By Josh Aldrich, Camrose Canadian

The Camrose Snowbirds are set to take to the skies over Camrose on Wednesday at 7 p.m. Supplied 

The Camrose Snowbirds are set to take to the skies over Camrose on Wednesday at 7 p.m. Supplied 

All Major Denis Bandet wanted to be when he was growing was a Snowbird.  

He saw the Canadian Forces demonstration squadron perform their choreographed aerobatics show when he was young in Regina. The performance inspired him to become a pilot and to serve. 

On Wednesday he will lead the Snowbirds into Camrose for a 30-minute show of death-defying tricks and formations. 

He has been leading this dream since last summer. 

"It's very challenging," he said. "Before, when I was flying in one single position, I had to worry about just my side. Now as the team lead I have to worry about how my profile affects one side of the formation or the other. It is quite different. I embrace that challenge, you're trying to strive for that perfect show, it's very illusive but it's something you chase all the time and try to make it better and better all the time." 
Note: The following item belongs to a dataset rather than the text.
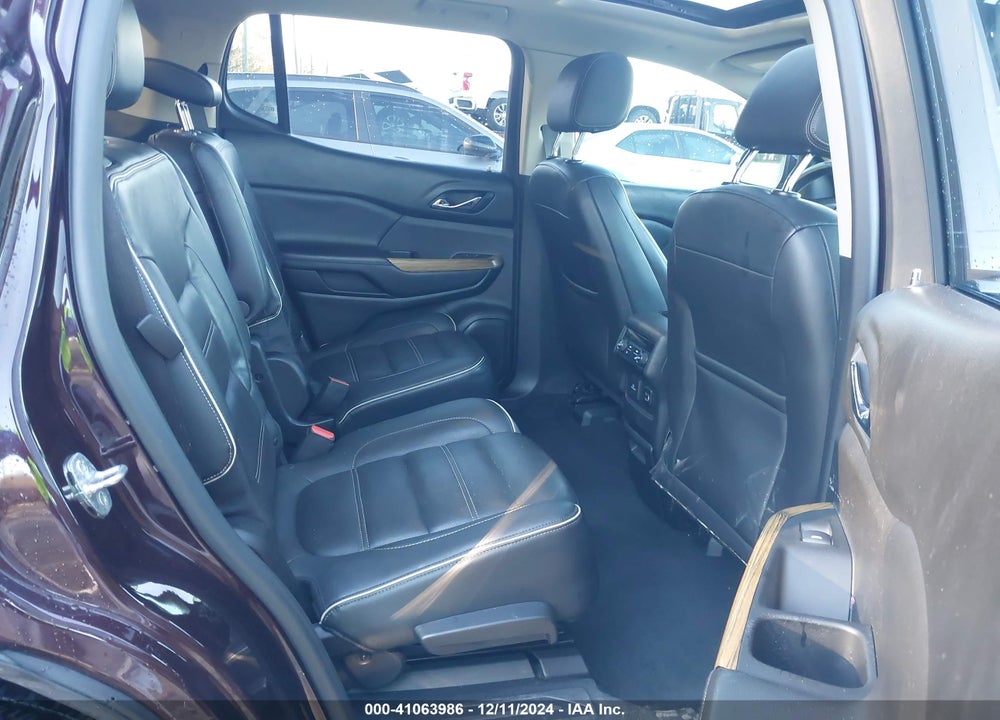2017 GMC ACADIA DENALI VIN: 1GKKNPLS4HZ184712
The Snowbirds perform about 60 shows a year throughout Canada and the U.S. and they have stopped in Camrose before. But this will be one of the most up-close and personal shows the put on at the tiny confines of the local airport. To take full advantage of this there will be a Maple Split Ice Cream Social for the public to meet the pilots on Tuesday at 7 p.m. and a chance to interact with them after the show on Wednesday. 

"It's really great to have that interaction with the community at that level and it creates more of a personal relationship," said Bandet. 

He knows full well how important that interaction can be. Getting to see the Snowbirds as a youngster propelled Bandet into a career in the air force. He got his wings in 2000 and was stationed in 4-Wing Cold Lake and has helped train a generation of fighter pilots. He has also flown many NATO missions in the CF-18 Hornet and was also deployed to the Middle East in 2015 during Operation IMPACT in support of the Middle East Stabilization Force. 

It was not until 2010 until some of his friends encouraged him to try out for the Snowbirds and he made the squadron as Snowbird 6, outer right wing position. He flew with the nine-plane team for the next three years and was reassigned to Cold Lake when his tour was complete. Last year he returned to the group as Snowbird 1 in the lead position. 

He says routines are very much a group discussion as they select from among 48 years' worth of formations and maneuvers, but when they are up in the air everyone takes their cues from him. 

The team spends many hours training for the season and building up the stamina and fortitude it requires to perform tricks that will put up to six Gs of force on the body as the planes rocket up to more than 600 kilometres per hour through the air. 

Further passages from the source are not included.